Urgent help - 2DE-MALDI

[scorpiodancer]

I have recently undertaken my first proteomics experiment (protein extraction from cells, 2DE, exicised spots, trypsin digestion, MALDI-TOF MS) but have not had much success and I was wondering if anyone could help me. I struggled to get any identifications because I seem to have quite a lot of artefactual peaks that appear across a number of samples. Although I used a laminar flow hood, wore gloves, a lab coat and covered my hair, I seem to have a number of contaminants. Some of them appear to be kertains and trypsin peaks, but I cannot identify the others. I was wondering if you had any suggestions as to what they might be? They are at m/z 1149, 1251, 1267, 1295, 1412, 1759 and 2186. They are towering above my keratin/trypsin peaks and peaks of interest. Also, does anyone know where I might be able to find a peak list of common contaminants (from keratins, trypsin, matrix etc.)?

Thanks

[danfive]

Unfortunately, proteomics (mass spec) requires practice. You should invest in repeating (with changes etc), instead of cleaning up the data. There is a learning curve to performing mass spec experiments.

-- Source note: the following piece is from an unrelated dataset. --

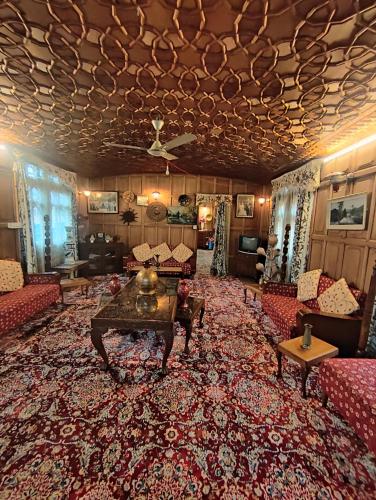 Ameerpet的住宿－Houseboat，客厅配有沙发和桌子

My suggestion is to suspect your buffers and matrix quality first.
Plastic bottles are a big no (they leak plasticides), change to glass.
Prepare fresh solutions (should last about a month).
Latex gloves are full of keratins, so either don't use them or be extremely careful about what you touch.
And of course stain your gel with fresh staining solution that is MS-compatible (I use Imperial Blue, Pierce).
If you don't want trypsin artifact--use trypsin spin columns (I use Sigma's).
I use Agilent Tech CHCA matrix--which is perfect compared to others I tried like Sigma etc.
Zip tips are great for desalting as well as Millipore ion-exchange 96-well plates.